And so it is Christmas…

Based upon what you probably reason from my taste in music, you would expect that I would be a huge lover of the festive music that is recycled at this time of year.

However, barring the Calypso Carol that we pleaded with our primary school to let us sing, I have not been able to bear 99% of Christmas songs.  They feel to me trashy with either a preachy or commercial purpose that I don’t want to hear at this time, both in production and lyrics, and do not give a meaning to this time of year that I appreciate.

I thought though, Christmas might mean something different to me this year, the fact I only arrive back in Rochdale on the 24th is going to make it a whirlwind exciting adventure.  Maybe then the imagery of Christmas time and so forth would make the music more appealing.  Not at all.

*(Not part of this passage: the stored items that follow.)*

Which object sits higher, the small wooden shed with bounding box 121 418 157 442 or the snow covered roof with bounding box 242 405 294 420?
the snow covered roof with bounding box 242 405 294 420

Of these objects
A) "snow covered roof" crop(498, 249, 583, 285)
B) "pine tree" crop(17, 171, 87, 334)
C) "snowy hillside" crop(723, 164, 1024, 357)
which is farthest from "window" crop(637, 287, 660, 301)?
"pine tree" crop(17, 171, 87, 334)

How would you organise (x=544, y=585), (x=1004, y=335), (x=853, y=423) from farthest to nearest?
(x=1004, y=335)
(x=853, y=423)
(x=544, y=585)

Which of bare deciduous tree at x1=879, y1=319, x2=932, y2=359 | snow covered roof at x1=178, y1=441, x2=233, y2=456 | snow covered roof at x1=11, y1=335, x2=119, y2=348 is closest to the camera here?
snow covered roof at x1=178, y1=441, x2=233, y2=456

From listening to songs at home based on suggestions from people, to running choir rehearsals for the Lucia concert on Tuesday (which, culturally speaking, is most equivalent in the UK to nativity performances, but it is very different and that description does not do it justice), I find myself in general really unmoved by the music we are singing, especially considering how special it is meant to be.  A small pardon to this rule actually I will give to White Christmas, but that’s more because it is really fun to sing powerfully now I actually have a man’s voice (our singing teacher at school did it every year amazingly and I was always a bit jealous).

No matter what imagery is used, lyrically or musically, I’m left cold.  I think part of the problem is that especially with Christmas music, the imagery you are doing you are trying to sell alongside your understanding, and it just isn’t compatible with what I want – the word Christmas just leaves the cold feeling with me in almost every usage – it feels fake.

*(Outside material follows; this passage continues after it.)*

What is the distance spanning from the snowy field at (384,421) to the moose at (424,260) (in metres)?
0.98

And this is coming from the person who will squeal on a well written key change.

Maybe that explains why my favourite Christmassy songs are those that are actually in languages I don’t understand.

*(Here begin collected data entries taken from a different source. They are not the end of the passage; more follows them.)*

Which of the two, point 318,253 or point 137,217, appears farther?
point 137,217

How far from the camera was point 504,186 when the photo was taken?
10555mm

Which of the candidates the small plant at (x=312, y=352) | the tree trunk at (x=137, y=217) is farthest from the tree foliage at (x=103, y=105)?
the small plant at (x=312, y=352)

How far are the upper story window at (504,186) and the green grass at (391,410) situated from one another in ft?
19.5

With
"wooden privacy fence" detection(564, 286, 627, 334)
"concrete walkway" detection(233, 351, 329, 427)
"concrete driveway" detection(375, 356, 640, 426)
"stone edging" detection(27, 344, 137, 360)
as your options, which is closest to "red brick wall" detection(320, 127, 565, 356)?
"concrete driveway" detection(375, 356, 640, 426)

Maybe though, it suggests how not Christmassy I am as a person.  Yes an organised time of celebration in dark winter months is perfectly rational and should be encouraged.  The symbolism alongside it though.  We make a deal now about the ‘alternative Christmas’ in the UK.  It doesn’t need that, we just need to embrace fun and frolics again, and that doesn’t need us to mumble through Last Christmas and Auld Lang Syne and any other recycled nonsense this time of year has.  Please say our music is better than that (and better than what Switzerland picked last night), and let’s have something that actually warms my heart and thinks of home this time of year.